The Igarch is defined as follows :
\begin{align*}
\Phi(L) (1-L) r_{t}^{2} = w + \left[1-\beta(L) \right]v_{i}
\end{align*}
The figarch model is simply:
\begin{align*}
\Phi(L) (1-L)^{d} r_{t}^{2} = w + \left[1-\beta(L)\right] v_{i}
\end{align*}
So I think there is a typo in the rugarch documentation: page 15:
$\Phi(L)=\sum_{i=1}^{m-1}\Phi_{i}L^{i}$ must be
$\Phi(L)=1-\sum_{i=1}^{m-1}\Phi_{i}L^{i}$.
I finally understood the $ \Phi(L)= 1 - \alpha (L) $ (page 16) that is used in equation 60 of the rugarch documentation. I have played a bit with rugarch today and I noticed that:
the alpha
coefficient in the output corresponds to the $\Phi_{i}$ coefficient of the formula.

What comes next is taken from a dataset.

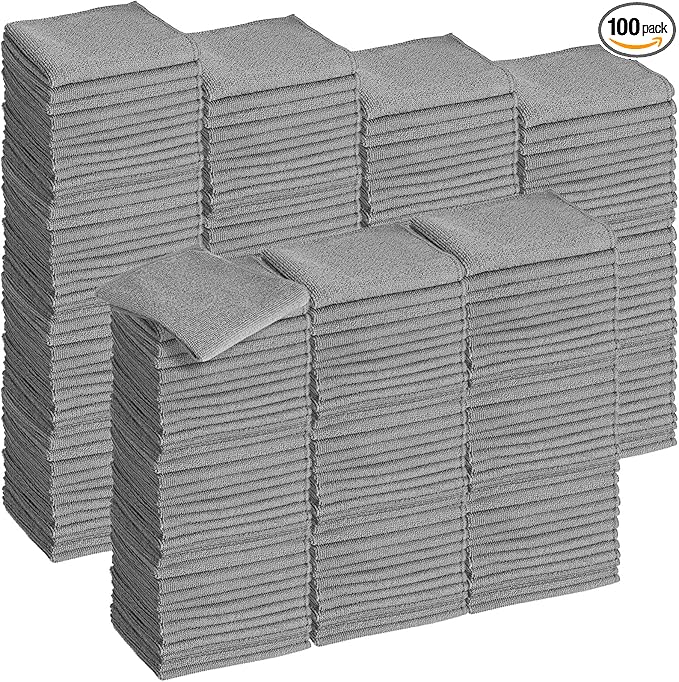 Tenare 100 Pack 12'' x 12'' Microfiber Cleaning Cloths Reusable Cleaning Rags Bulk Microfiber Towels Softer Highly Absorbent Washcloths for House Kitchen Car Window(Gray)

rugarch doesn't print the $\alpha_{i}$ coefficients (despite they are labelled alpha
), the definition $ \Phi(L)= 1 - \alpha (L) $ make sense if $\alpha (L)$ corresponds to the polynomial $\alpha (L)=\sum_{i=1}^{m-1} \Phi_{i}L^{i} $ with $\alpha (0)=0$. The problem is that the documentation also uses the symbol $\alpha (L)$ to define the arch polynomial and this is very confusing...
So to sum up the FIGARCH implementation in rugarch corresponds to FIGARCH(p,d,f) where f is the order of $\Phi(L)$ (f=m-1)

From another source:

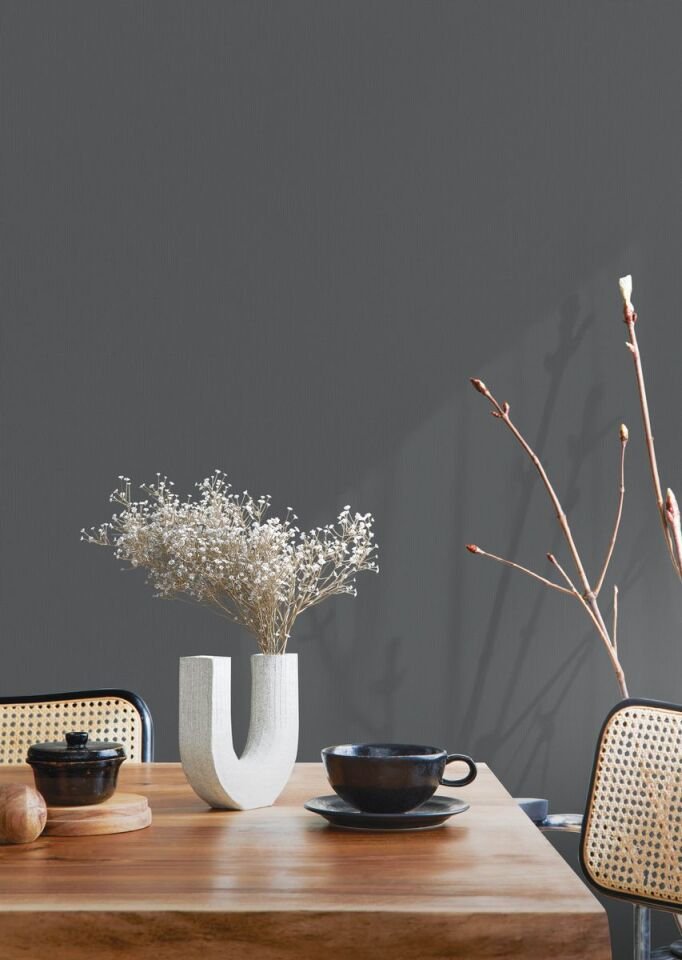 HUE 24203-6 Koyu Gri | Modern Düz Desen Duvar Kağıdı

So the Figarch(1,d,1) (=p,d,f) corresponds to;
\begin{align*}
(1-\Phi_{1} L) (1-L)^{d} \epsilon_{t}^{2} = w + [1-\beta_{1}L] \eta_{i}
\end{align*}
Also the documentation does not indicate if the alpha
coefficients specify as an input to a FIGARCH corresponds to the $\alpha_{i}$ or $\Phi_{i}$ coefficients. If I'm correct they correspond to the $\Phi_{i}$ coefficients.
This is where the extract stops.